Views 
   PDF Download PDF Downloads: 889

 Open Access -   Download full article: 

Some Notable Reliability Techniques for Disk File Systems

Wasim Ahmad Bhat and S.M.K. Quadri

Department of Computer Sciences, University of Kashmir, Srinagar (India).

Article Publishing History
Article Received on :
Article Accepted on :
Article Published :
Article Metrics
ABSTRACT:

File system operations include data operations and metadata operations. Data operations act upon actual user data while metadata operations modify the structure of the file system, like creating, deleting, or renaming files, directories, etc. During a metadata operation, the system must ensure that data are written to disk in such a way that the file system can be recovered to a consistent state after a system crash. In this paper we look at some most notable techniques which ensure reliability of disk file systems against system crashes and failures.

KEYWORDS: Disk file system; reliability techniques; data operations

Copy the following to cite this article:

Bhat W. A, Quadri S. M. K. Some Notable Reliability Techniques for Disk File Systems. Orient. J. Comp. Sci. and Technol;3(2)

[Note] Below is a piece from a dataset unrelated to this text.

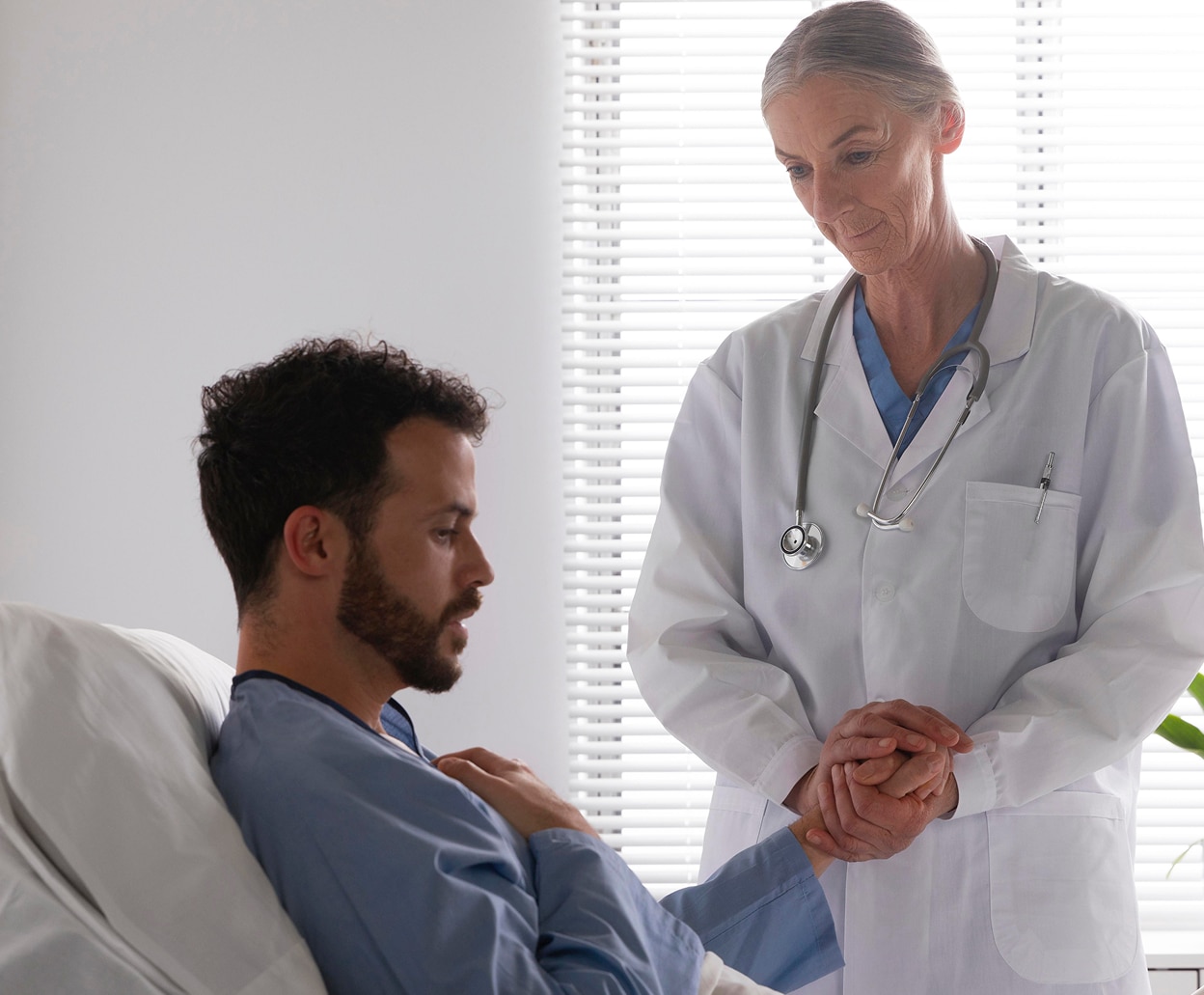 ill-male-patient-bed-talking-nurse-1-2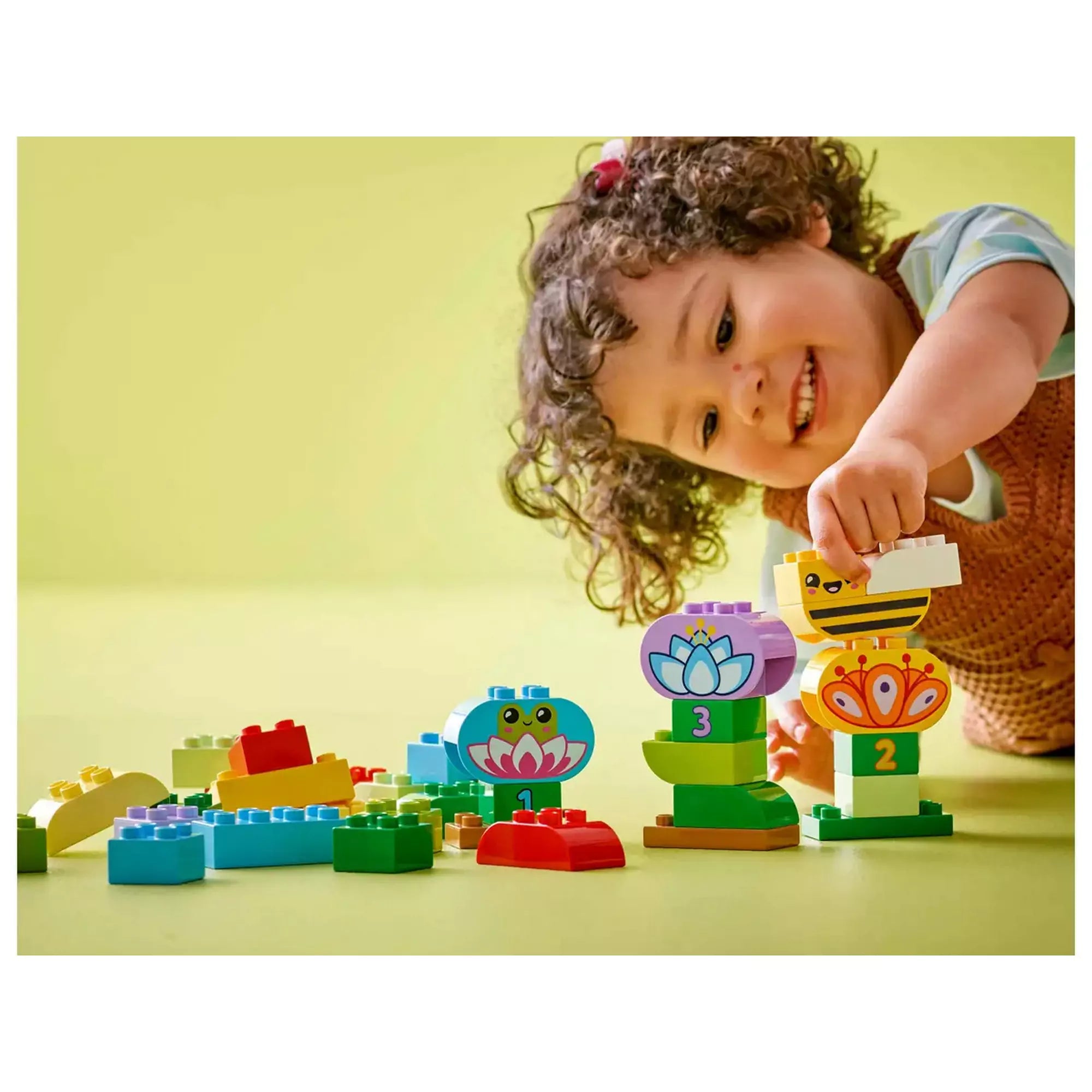 Egy mosolygó kisgyermek játszik a LEGO DUPLO Kreatív kert és virágok (10444) színes elemeivel, amelyek között méhecske, béka és pillangó is megtalálható.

Copy the following to cite this URL:

Bhat W. A, Quadri S. M. K. Some Notable Reliability Techniques for Disk File Systems. Orient. J. Comp. Sci. and Technol;3(2). Available from: http://www.computerscijournal.org/?p=2303


Introduction

File system metadata includes directory organization, file size, block spanning information, resource allocation, etc. This metadata controls the structure of a file system and hence maintaining the integrity of metadata is the key of file system reliability. Depending upon the type of file system, metadata is located in several different places and hence file operations that require updating file system metadata need to update data located in these different places, e.g. a file append operation may require three metadata updates: 1) finding an unused data block, and marking it as allocated, 2) adding it to the file’s list of clusters; 3) rewriting the size of the file. Ideally, all these updates should be done atomically. However, if a crash or failure happens in between, the file system is left in an inconsistent state. It is not possible to make sure absolutely no data is lost after a system crash1. However, many studies have managed to keep the structure of various file systems consistent across crashes and failures. In this paper we will look at some most notable approaches that ensure disk file system reliability.

Offline Check

Many traditional disk file systems, such as FAT² and ext2³ do not care during file operations to keep their structure consistent across crashes. When a crash occurs, the system does an offline file system consistency check to identify the inconsistent structure and possibly rectify it. The FSCK4 program scans the whole disk and fixes any inconsistencies it finds. This approach works fine for small disk volumes, but as file system volumes are getting larger and larger, the offline time spent on FSCK becomes intolerable.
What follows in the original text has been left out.